After almost 19 years at the helm of Seattle Metropolitan Credit Union and 40 years in the banking world, SMCU President and CEO Bob Harvey announces his retirement, effective April 1, 2011.
Mr. Harvey is only the third CEO in the 77-year history of Seattle Metropolitan Credit Union and has seen a world of change since his arrival in August 1992. During his tenure, the credit union has added five new branches and completed two mergers. When he took over in 1992, the credit union had assets of $135M and a staff of 70. Today SMCU is a half-billion dollar credit union with more than 130 employees.
As CEO, Mr.

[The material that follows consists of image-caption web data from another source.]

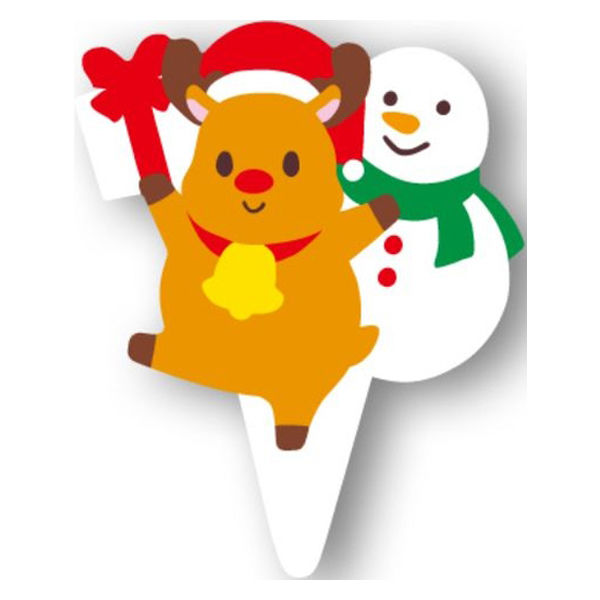 天満紙器 XG303 ケーキピック(ハッピートナカイ) 6090602 1ケース(500個(100個×5))（直送品）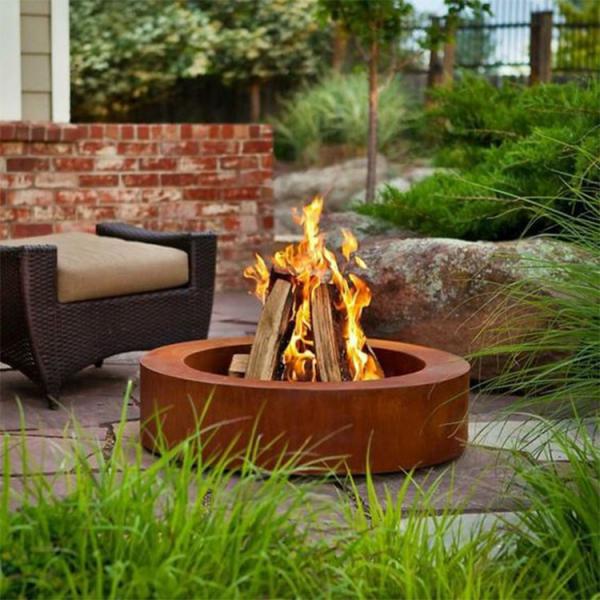 Round Outdoor Garden Corten Steel Fire Pit Camping For Outside Wood Burning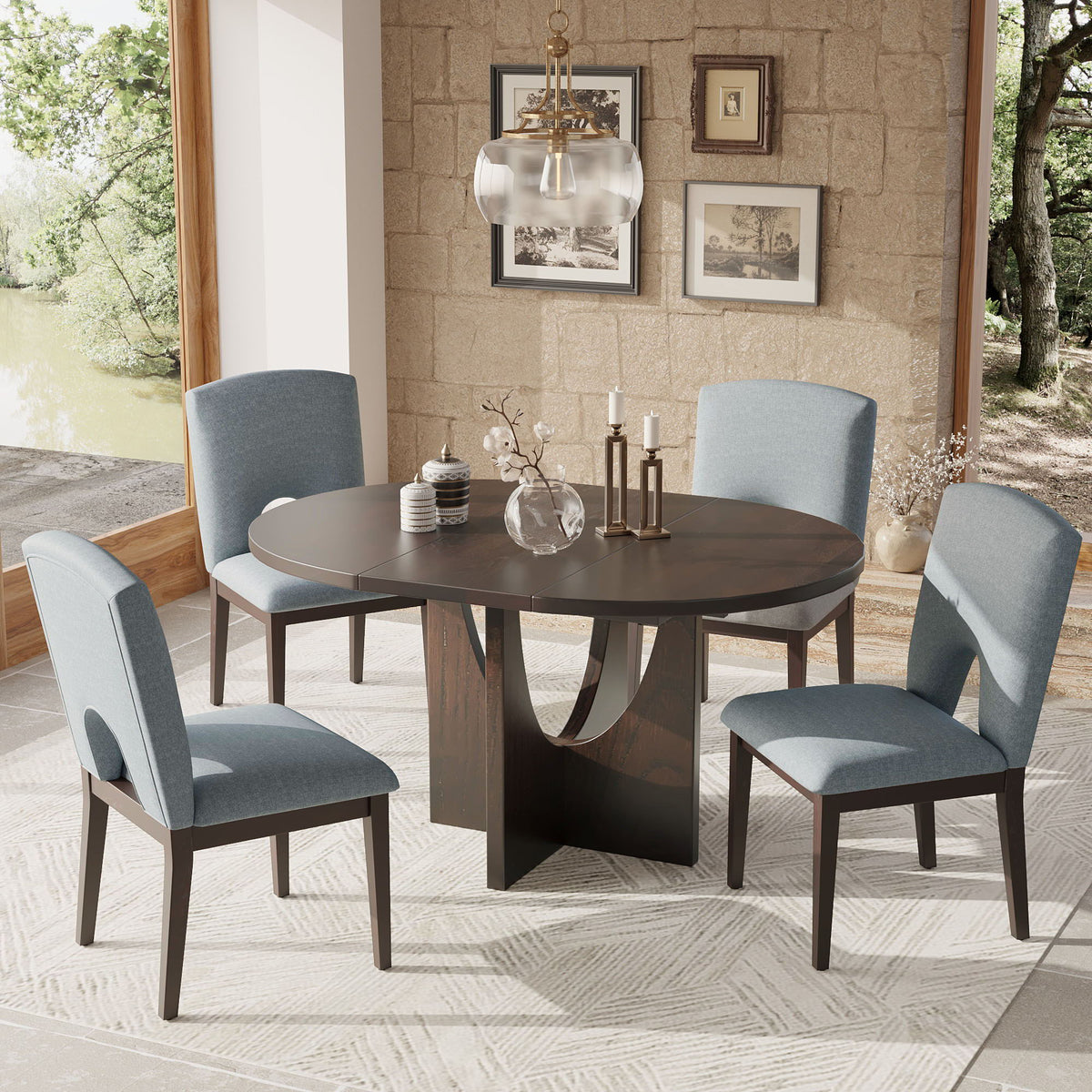 Topmax - 5 Piece Modern Extendable Round Dining Table Set With Removable Leaf For Small Places - view 11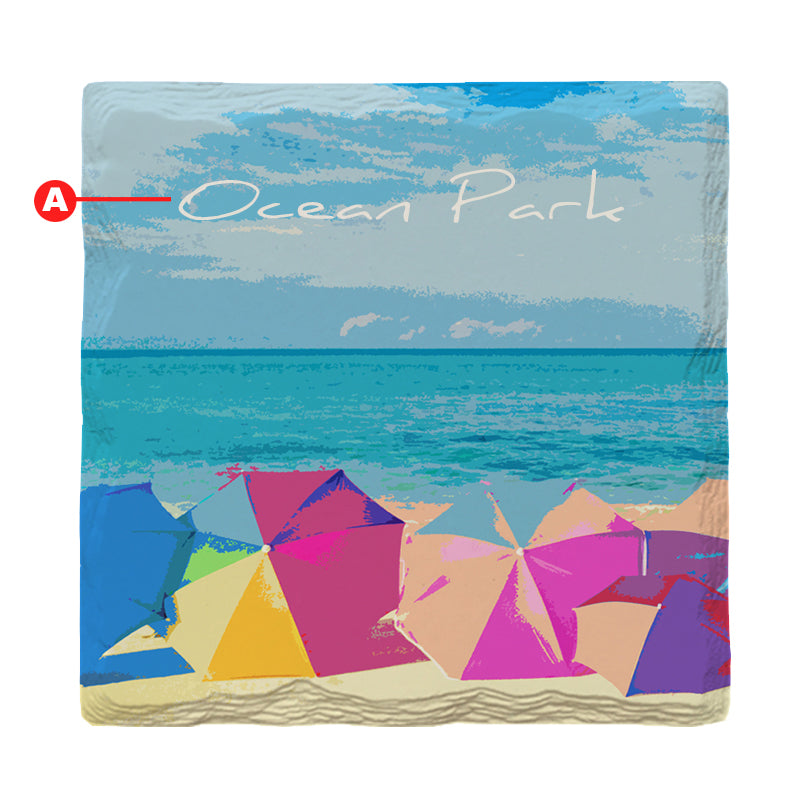 Customizable Colorful Beach Umbrellas | Drink Coasters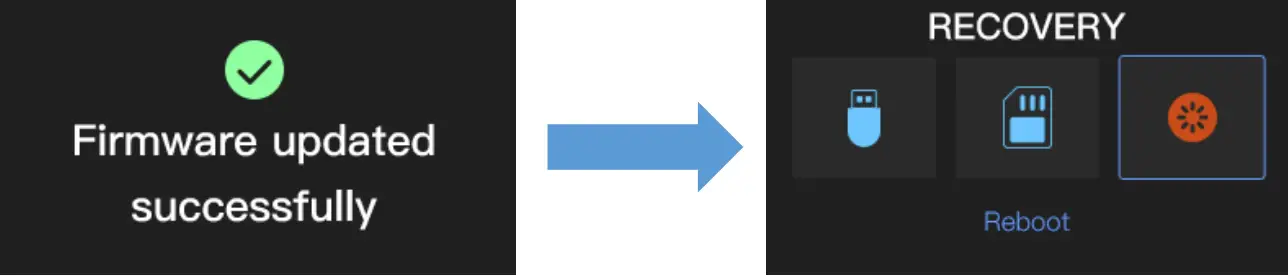 Firmware updated successfully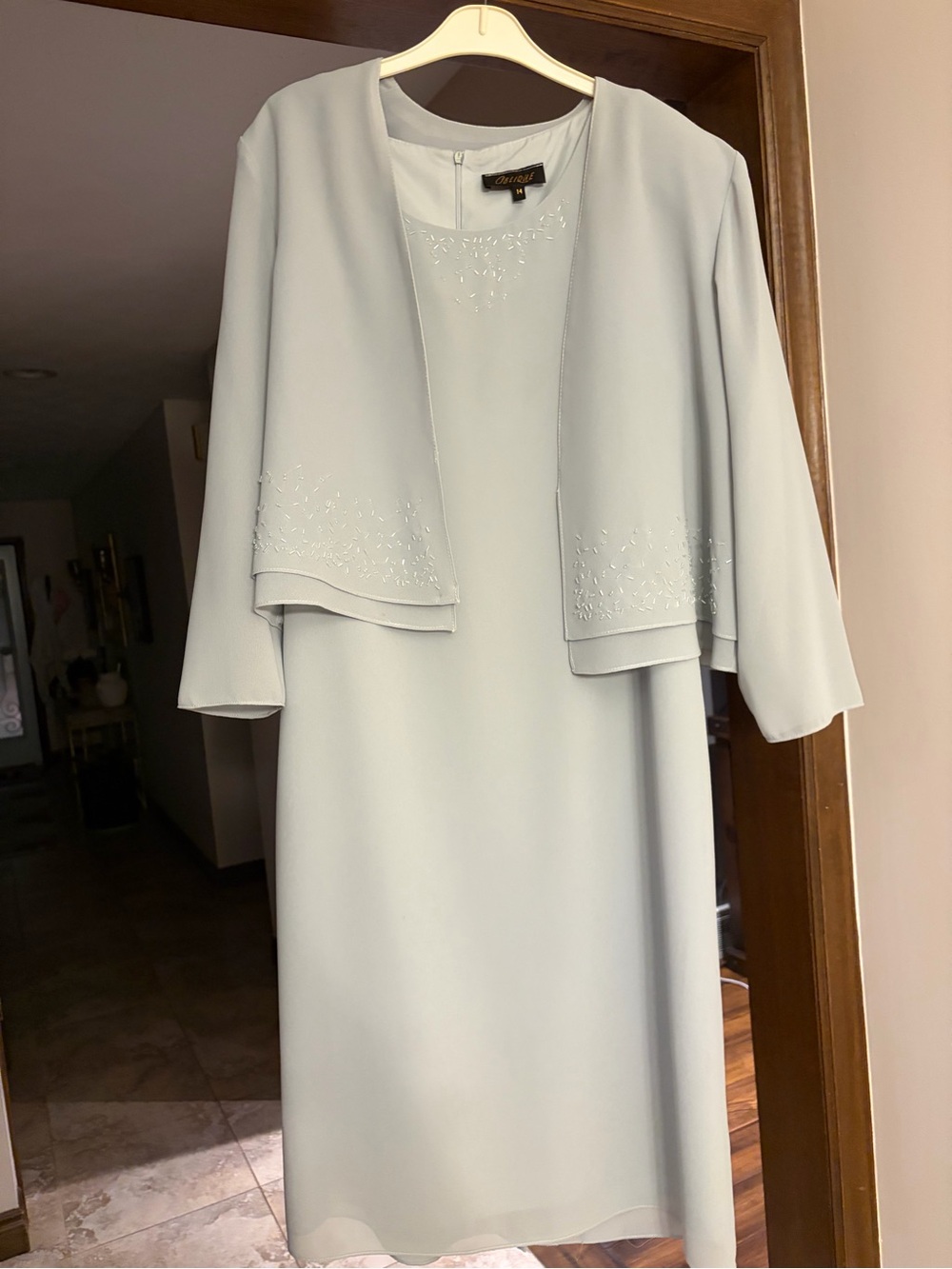Ella Pale Green Long Sleeve Dress with Matching Cropped Jacket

Harvey has been extremely active in the credit union community. He served as Board Chair for the Washington State Credit Union League, WesCorp and the African American Credit Union Coalition as well as a council director for the Credit Union Executive Society (CUES) and a lecturer and teacher for the California Credit Union League and Credit Union National Association. In 2003 he received both the Washington Credit Union Professional of the Year and CUES Executive of the Year awards. In 2004 he was named to the CUES Hall of Fame. On many weekends, Mr. Harvey, a former Marine Corps Captain, serves as a Reserve Police Officer with the Seattle Police Department’s Gang Unit, as he has since 1993, shortly after his arrival in Seattle.
As his retirement draws near, we gave Mr. Harvey a chance to reflect on his career at Seattle Metropolitan Credit Union.
How did you get started with credit unions?
I actually was going to be a police officer with the LAPD. I got married one month before I was supposed to go into the academy, on Christmas Eve 1971, to my first wife, and she said she wasn’t real excited about having a cop in the family, so I moved to plan “b”, banking.
I wanted to be a big-time commercial lending officer, big signing limits, big bucks, the whole big deal. I was trained in the retail-banking group and never could quite make it into the commercial-banking group. I got a call from a credit union recruiter, who was tapping different people in the banking industry to come work for different credit unions, and made that move into Lockheed Federal.
You were at Lockheed FCU for nine years. What brought you to SMCU?
My current wife said, “Why are you still at the Vice President level?” I said, “That’s what I know how to do.” I’d never even thought about being a credit union CEO. It was something that never crossed my mind. Many of my predecessors went from Lockheed to become CEOs of other credit unions. It was amazing. So she said, “Look what they’ve done. Look where you are.” She was the inspiration to make that happen. The fact that Seattle was her home also helped motivate her.
What were your first memories of being a new CEO?
What I remember of my first week was that I came to work that morning and couldn’t get in. I didn’t have any keys. I knocked on the front door and Ruth (Korotzer, SMCU Executive VP and COO) said, “Yeah, it’s OK. Let him in.” The only thing I got accomplished that first day was putting my greeting on my voice mail system. That took four hours, and then I went to lunch.
What are you most proud of from your time here?
What’s fun as a CEO is to watch people grow and prosper. To provide the opportunity to let folks go up the ladder has been really cool, because they learn and grow, and they get excited. We all have to come to work. The question is how can my job be enhanced? What can I learn? As I’m giving, what can I take back? That’s been something that makes me feel really good.
Why is now the right time to retire?
We only have a certain skill set. As a CEO, like anyone else, you try to keep enhancing your skill set, so that you’re adapting to whatever the new model for a positive environment or growth environment happens to be, but you’re still working within a skill set. It’s time for the next person to come in with the same amount of enthusiasm and energy, but with new, fresh ideas. That’s the key.
What are you looking forward to doing once you retire?
I’m going to keep my commitment to the Police Department. I enjoy that, and I’ll be able to do more. I’m also a member of the City’s pension board and will retain that commitment. Lastly, the Breakfast Group, my men’s group committed to helping young men succeed will get more of my attention.
I have a long-standing goal of riding my motorcycle cross-country. There’s a route called Interstate 50, it starts in San Jose and winds up in South Carolina. It runs from coast to coast and never touches a freeway. I want to see some of that perspective of the country first-hand versus just reading about it in magazines. A cruise through the Panama Canal is being planned as well as an extended stay in New Zealand; both will happen over the next few years.
Wherever the road takes him from here, we wish Bob Harvey all the best and thank him for many years of service and dedication.